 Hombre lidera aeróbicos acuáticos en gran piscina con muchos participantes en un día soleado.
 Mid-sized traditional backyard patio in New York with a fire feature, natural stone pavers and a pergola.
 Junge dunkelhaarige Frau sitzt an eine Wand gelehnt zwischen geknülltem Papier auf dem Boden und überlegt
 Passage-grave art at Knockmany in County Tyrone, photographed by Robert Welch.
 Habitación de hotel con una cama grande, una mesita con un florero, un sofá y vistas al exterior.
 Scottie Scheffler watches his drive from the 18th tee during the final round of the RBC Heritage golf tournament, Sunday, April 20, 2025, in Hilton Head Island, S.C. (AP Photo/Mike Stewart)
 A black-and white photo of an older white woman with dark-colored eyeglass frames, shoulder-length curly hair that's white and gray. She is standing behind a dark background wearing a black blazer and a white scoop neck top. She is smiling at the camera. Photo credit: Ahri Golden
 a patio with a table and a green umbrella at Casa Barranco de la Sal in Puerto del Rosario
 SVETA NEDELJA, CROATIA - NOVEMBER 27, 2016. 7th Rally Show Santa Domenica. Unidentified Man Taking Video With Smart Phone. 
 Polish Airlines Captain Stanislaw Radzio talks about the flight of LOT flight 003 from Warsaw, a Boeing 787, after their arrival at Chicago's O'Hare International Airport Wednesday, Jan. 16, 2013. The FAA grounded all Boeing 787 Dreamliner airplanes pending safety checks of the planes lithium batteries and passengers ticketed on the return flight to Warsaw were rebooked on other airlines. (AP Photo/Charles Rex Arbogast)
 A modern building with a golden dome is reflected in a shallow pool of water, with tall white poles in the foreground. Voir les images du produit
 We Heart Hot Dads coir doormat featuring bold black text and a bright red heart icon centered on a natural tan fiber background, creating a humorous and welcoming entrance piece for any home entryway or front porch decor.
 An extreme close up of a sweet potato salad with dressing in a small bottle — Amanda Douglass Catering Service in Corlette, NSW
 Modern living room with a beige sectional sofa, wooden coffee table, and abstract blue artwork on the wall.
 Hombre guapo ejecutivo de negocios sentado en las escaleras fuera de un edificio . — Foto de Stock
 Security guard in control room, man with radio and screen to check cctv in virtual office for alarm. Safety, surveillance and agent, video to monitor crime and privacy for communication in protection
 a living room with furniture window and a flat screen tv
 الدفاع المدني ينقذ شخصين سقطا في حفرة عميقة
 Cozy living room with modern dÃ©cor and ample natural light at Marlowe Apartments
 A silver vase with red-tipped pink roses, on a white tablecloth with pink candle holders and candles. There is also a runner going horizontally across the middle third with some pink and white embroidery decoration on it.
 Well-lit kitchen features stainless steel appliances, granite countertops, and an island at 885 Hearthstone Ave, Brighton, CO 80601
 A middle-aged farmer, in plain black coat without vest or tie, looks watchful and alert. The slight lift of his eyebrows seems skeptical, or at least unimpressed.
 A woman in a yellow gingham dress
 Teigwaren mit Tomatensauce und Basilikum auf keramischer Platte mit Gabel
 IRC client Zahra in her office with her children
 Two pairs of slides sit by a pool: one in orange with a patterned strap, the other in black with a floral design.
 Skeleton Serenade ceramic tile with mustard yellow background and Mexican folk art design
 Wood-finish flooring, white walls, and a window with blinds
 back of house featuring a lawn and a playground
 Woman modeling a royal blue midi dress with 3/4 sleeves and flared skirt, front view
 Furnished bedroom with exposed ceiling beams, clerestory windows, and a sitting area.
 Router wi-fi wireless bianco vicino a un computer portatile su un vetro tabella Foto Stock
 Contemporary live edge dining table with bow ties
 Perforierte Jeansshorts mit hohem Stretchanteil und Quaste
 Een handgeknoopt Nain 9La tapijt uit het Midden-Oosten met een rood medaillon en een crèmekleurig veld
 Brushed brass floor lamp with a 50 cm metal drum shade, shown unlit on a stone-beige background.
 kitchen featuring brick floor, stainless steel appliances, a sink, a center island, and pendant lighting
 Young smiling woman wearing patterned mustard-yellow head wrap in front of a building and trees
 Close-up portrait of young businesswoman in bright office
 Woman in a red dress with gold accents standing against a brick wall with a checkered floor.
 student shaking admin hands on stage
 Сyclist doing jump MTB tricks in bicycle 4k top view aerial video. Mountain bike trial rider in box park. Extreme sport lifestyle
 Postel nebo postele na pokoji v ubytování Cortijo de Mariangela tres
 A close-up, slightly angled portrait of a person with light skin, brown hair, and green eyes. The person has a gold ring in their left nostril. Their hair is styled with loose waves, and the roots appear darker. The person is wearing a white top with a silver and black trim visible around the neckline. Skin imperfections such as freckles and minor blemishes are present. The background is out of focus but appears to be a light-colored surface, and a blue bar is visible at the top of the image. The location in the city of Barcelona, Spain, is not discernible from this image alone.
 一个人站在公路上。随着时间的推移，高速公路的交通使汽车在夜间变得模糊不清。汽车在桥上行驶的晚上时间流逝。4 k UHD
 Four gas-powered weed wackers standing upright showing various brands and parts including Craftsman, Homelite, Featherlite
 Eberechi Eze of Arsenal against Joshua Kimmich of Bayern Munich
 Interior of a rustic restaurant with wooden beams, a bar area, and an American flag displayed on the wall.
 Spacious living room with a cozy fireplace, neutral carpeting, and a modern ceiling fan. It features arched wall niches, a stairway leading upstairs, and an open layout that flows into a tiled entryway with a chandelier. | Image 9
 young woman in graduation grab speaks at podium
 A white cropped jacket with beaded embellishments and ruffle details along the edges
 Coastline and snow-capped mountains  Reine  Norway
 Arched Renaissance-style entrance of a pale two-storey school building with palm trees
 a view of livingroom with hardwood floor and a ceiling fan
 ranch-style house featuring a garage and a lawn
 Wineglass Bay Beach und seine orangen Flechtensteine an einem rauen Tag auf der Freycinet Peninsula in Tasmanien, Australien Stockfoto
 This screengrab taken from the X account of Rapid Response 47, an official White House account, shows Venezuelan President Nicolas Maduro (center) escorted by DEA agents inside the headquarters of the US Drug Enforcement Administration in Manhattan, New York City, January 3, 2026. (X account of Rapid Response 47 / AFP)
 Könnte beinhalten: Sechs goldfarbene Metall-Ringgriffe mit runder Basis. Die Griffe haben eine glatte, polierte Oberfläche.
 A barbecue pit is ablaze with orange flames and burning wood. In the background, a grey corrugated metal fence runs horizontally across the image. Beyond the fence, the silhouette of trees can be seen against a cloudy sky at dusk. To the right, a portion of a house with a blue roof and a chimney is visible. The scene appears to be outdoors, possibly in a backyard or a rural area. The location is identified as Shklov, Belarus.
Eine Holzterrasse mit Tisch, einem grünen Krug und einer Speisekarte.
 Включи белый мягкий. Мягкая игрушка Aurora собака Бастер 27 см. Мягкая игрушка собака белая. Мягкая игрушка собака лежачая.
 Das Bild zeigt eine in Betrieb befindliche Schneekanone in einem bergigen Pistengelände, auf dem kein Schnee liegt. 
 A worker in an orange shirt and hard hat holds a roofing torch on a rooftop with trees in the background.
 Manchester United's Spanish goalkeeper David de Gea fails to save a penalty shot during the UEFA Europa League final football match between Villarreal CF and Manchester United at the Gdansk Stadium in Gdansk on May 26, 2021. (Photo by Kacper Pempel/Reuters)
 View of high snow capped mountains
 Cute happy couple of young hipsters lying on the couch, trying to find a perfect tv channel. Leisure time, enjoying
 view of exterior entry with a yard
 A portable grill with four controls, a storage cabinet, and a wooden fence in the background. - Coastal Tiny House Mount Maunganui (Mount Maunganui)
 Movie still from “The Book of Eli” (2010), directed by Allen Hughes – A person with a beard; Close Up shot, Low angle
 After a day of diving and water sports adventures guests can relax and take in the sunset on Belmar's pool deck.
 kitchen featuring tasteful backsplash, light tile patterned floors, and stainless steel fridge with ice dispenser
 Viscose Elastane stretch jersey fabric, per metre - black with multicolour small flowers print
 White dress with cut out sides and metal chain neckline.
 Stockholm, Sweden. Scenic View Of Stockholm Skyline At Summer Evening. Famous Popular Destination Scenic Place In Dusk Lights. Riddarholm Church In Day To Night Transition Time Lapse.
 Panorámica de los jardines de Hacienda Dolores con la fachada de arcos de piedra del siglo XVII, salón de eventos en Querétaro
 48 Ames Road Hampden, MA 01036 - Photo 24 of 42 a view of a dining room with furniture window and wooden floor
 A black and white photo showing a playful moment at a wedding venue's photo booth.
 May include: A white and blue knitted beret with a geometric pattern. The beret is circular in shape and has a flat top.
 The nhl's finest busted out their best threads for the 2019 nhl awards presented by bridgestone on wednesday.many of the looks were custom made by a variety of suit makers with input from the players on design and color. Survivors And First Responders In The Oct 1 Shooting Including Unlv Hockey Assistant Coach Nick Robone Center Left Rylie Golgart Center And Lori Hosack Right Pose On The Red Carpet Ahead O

***

### WHAT YOU SHOULD DO
For each line of the material that contains the word "flat", make a copy.

### THE ANSWER
 a living room with furniture window and a flat screen tv
 May include: A white and blue knitted beret with a geometric pattern. The beret is circular in shape and has a flat top.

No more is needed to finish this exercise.